2024-09-20

How to determine the number of bins to use in a histogram:

  • In general, the correct number of bins to use is case-by-case.

  • Too few bins can mask patterns within the distribution, and too many bins can make the distribution noisy and create gaps in the spread. Both scenarios make it equally hard to glean insights.

  • Thankfully, there are several rules of thumb to help us figure out that goldilocks number of bins.

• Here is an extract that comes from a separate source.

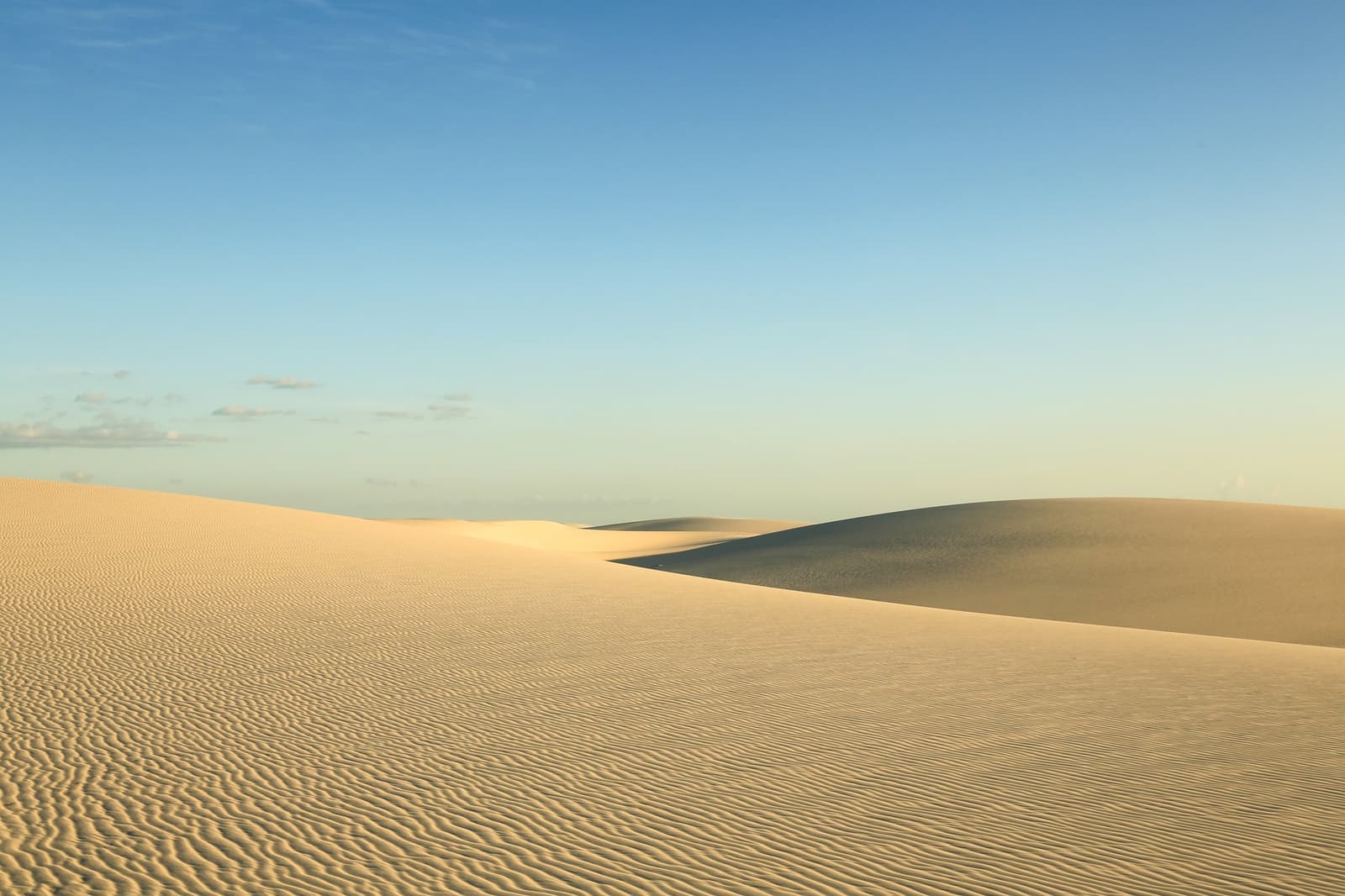 Stille, die man fast hören kann, nur Sand, Wind und Licht. Weite weiße Sanddünen mit windgeformten Oberflächen, die sich unter einem klaren blauen Himmel beim Lençóis-Maranhenses-Trek bis zum Horizont erstrecken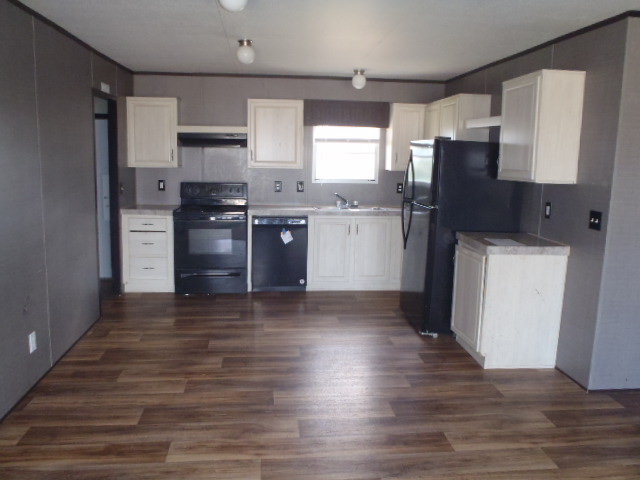 964 Railyard Drive Kyle, TX 78640 - Photo 11 of 25 Kitchen with black appliances, dark wood-type flooring, light countertops, and exhaust hood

I’ll only discuss the following: Square Root Rule, Sturges’ Rule, and Freedman-Diaconis Rule.

Example when too few bins are used:

Example when too many bins are used:

Square Root Rule: \[K = \sqrt{n}\]

  • K: # of bins
  • n: # of observations
  • In the case of the mtcars dataset, which has 32 observations, the equation would be as follows: \[K = \sqrt{32}\]
  • After calculating K (5.656854), you simply round up.
  • For this dataset then, the appropriate number of bins to use is 6.

Sturges’ Rule: \[K = [1 + \log_2(n)]\]

  • K: # of bins
  • n: # of observations
  • The square brackets denote rounding up to the nearest integer.
  • Again, the recommended number of bins to use calculates to 6.

Freedman-Diaconis Rule: \[K = \frac{2 * IQR}{n^\frac{1}{3}}\]

  • K: # of bins
  • n: # of observations
  • IQR: interquartile range
  • The IQR for mpg is 7.375
  • With this rule, the recommended bin number is 5.

When the bin number is just right!

mpg_hist = ggplot(mtcars) + 
  geom_histogram(mapping = aes(x=mpg), bins = 6) +
  ggtitle("Distribution of MPG") +
  xlab("Miles Per Gallon") +
  ylab("Frequency")
mpg_hist

Side-by-side comparison of 6 and 5 bins, respectively.

Plotlyfication of Histogram

with Freedman-Diaconis Rule

Code Chunk for plotly Histogram

x = mtcars$mpg
xax = list(title = "Miles Per Gallon",
           titlefont = list(family="Modern Computer Roman"))
yax = list(title = "Frequency",
           titlefont = list(family="Modern Computer Roman"),
           range = c(0,15))
fig = plot_ly(x=x,type="histogram") %>%
  layout(xaxis=xax, yaxis=yax) %>%
  layout(autosize=T)